Adjusted funds flow is directly impacted by our average daily production and changes in benchmark commodity prices which are the basis for our realized sales price. Adjusted funds flow(1) of $273.6 million for Q2/2023 reflects strong price realizations and production results from our development plans in the U.S. and Canada in addition to the Merger with Ranger.

Net debt can fluctuate on a quarterly basis depending on the timing of exploration and development expenditures, acquisitions and dispositions, changes in our free cash flow and the closing CAD/USD exchange rate which is used to translate our U.S. dollar denominated debt. The increase in net debt(1) from $1.6 billion at Q4/2020 to $2.8 billion at Q2/2023 is primarily a result of the Merger with Ranger which closed in Q2/2023 along with $159.0 million of shareholder returns. The change in net debt also reflects free cash flow(2) of $954.3 million generated over the last eight quarters.

(1)Capital management measure. Refer to the Specified Financial Measures section in this MD&A for further information.
(2)Specified financial measure that does not have any standardized meaning prescribed by IFRS and may not be comparable with the calculation of similar measures presented by other entities. Refer to the Specified Financial Measures section in this MD&A for further information.

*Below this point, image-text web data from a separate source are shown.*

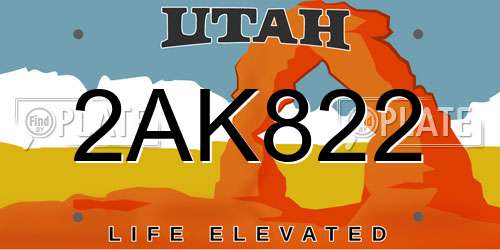 2AK822 Utah License Plate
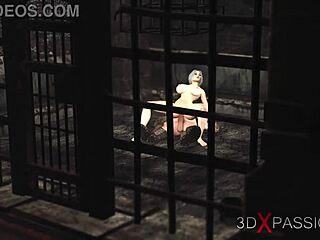 Beautiful Princess In Dungeon Cage Bent Over By Dwarf Knight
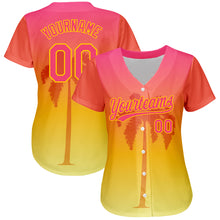 Laden Sie das Bild in den Galerie-Viewer, Custom Neon Pink Yellow 3D Pattern Design Hawaii Palm Trees Authentic Baseball Jersey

Baytex Energy Corp.                                            
Q2 2023 MD&A    22
ENVIRONMENTAL REGULATIONS

As a result of our involvement in the exploration for and production of oil and natural gas we are subject to various emissions, carbon and other environmental regulations. Refer to the AIF for the year ended December 31, 2022 for a full description of the risks associated with these regulations and how they may impact our business in the future. In addition to the Risk Factors discussed in the AIF for the year ended December 31, 2022, additional information related to our emissions and sustainability initiatives is available on our website.

Reporting Regulations

In June 2023, the International Sustainability Standards Board ("ISSB") issued IFRS S1 General Requirements for Disclosure of Sustainability-related Financial Information and IFRS S2 Climate-related Disclosures which are effective for annual reporting periods beginning on or after January 1, 2024. These standards provide for transition relief in IFRS S1 that allow reporting entity to report on only climate-related risks and opportunities in the first year of reporting under the sustainability standards.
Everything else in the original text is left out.